In 1831, he was made a knight of the Royal Guelphic Order, and, in 1832, chancellor and Knight Commander of the Order of St Michael and St George (KCMG), being advanced to Grand Cross of the order in 1840. He became a member of the council of the Society of Antiquaries in 1826, but soon began to criticise the management of the Society's affairs, and withdrew in 1828. He was elected a member of the American Antiquarian Society in 1838.

He criticised the Record Commission, which he regarded as too expensive. These attacks, which brought him into controversy with Francis Palgrave, led in 1836 to the appointment of a select committee to inquire into the public records. Nicolas was also responsible for several reforms at the British Museum.

In 1822, he married Sarah (d. 1867), daughter of John Davison of Loughton, Essex, a reputed descendant of the Tudor statesman William Davison. They had two sons and six daughters. Financial difficulties compelled Nicolas to leave England, and he died near Boulogne.

==Works==
The most important of Nicolas' works is his History of the Orders of Knighthood of the British Empire; of the Order of the Guelphs; and of Medals, Clasps, &c., for Naval and Military Services (London, 1841–1842), which was the first attempt to write a general history of the British honours.

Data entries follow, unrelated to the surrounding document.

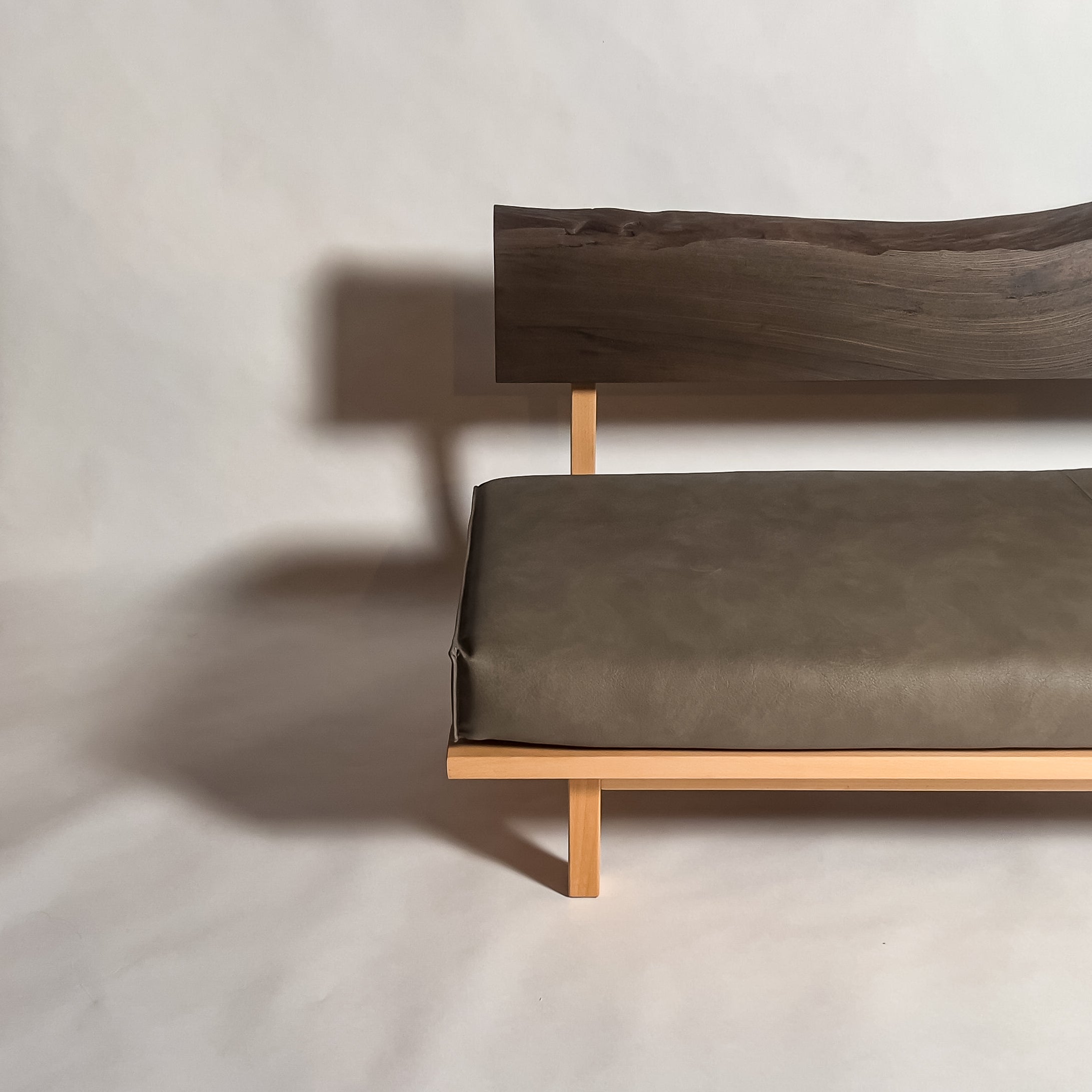 No.2051N3　神代欅（じんだいけやき）/天然無垢 一枚板ソファ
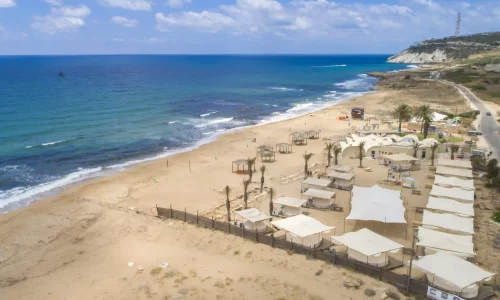 חוף לאירועים וגיבוש עם אפשרויות לינה בגלאמפינג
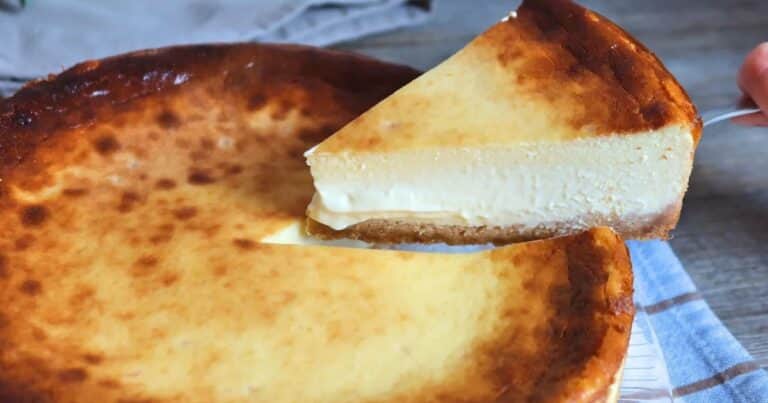 Los chefs vascos revelan su secreto mejor guardado: «La tarta de queso más rica no se hace solo con Philadelphia, lleva nata y queso azul»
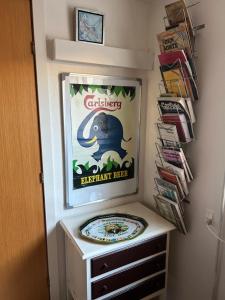 un'immagine di un cartello con un elefante su un muro di Genbrugsfabrikkens Tiny apartment a Holbæk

Among his numerous other writings are:
- The Chronology of History (London, 1833)
- Life of William Davison (London, 1823); Nicholas Harris Nicolas, Life of William Davison: Secretary of State and Privy Counsellor to Queen Elizabeth, Nichols (1823)
- Synopsis of the Peerage of England (London, 1825)
- Life and Times of Sir Christopher Hatton (London, 1847)
- an uncompleted History of the Royal Navy (London, 1847).
He edited Proceedings and Ordinances of the Privy Council of England, 1386–1542 (London, 1834–1837), and (with the help of Nelson's daughter Horatia) Dispatches and Letters of Lord Nelson (London, 1844–1846); wrote lives of Geoffrey Chaucer, Robert Burns, William Cowper, William Collins, Henry Kirke White and others for Pickering's Aldine Press edition of the poets; lives of Izaak Walton and Charles Cotton for an edition of The Compleat Angler illustrated by James Inskipp; and several elaborate works on genealogical and kindred subjects printed for private circulation only.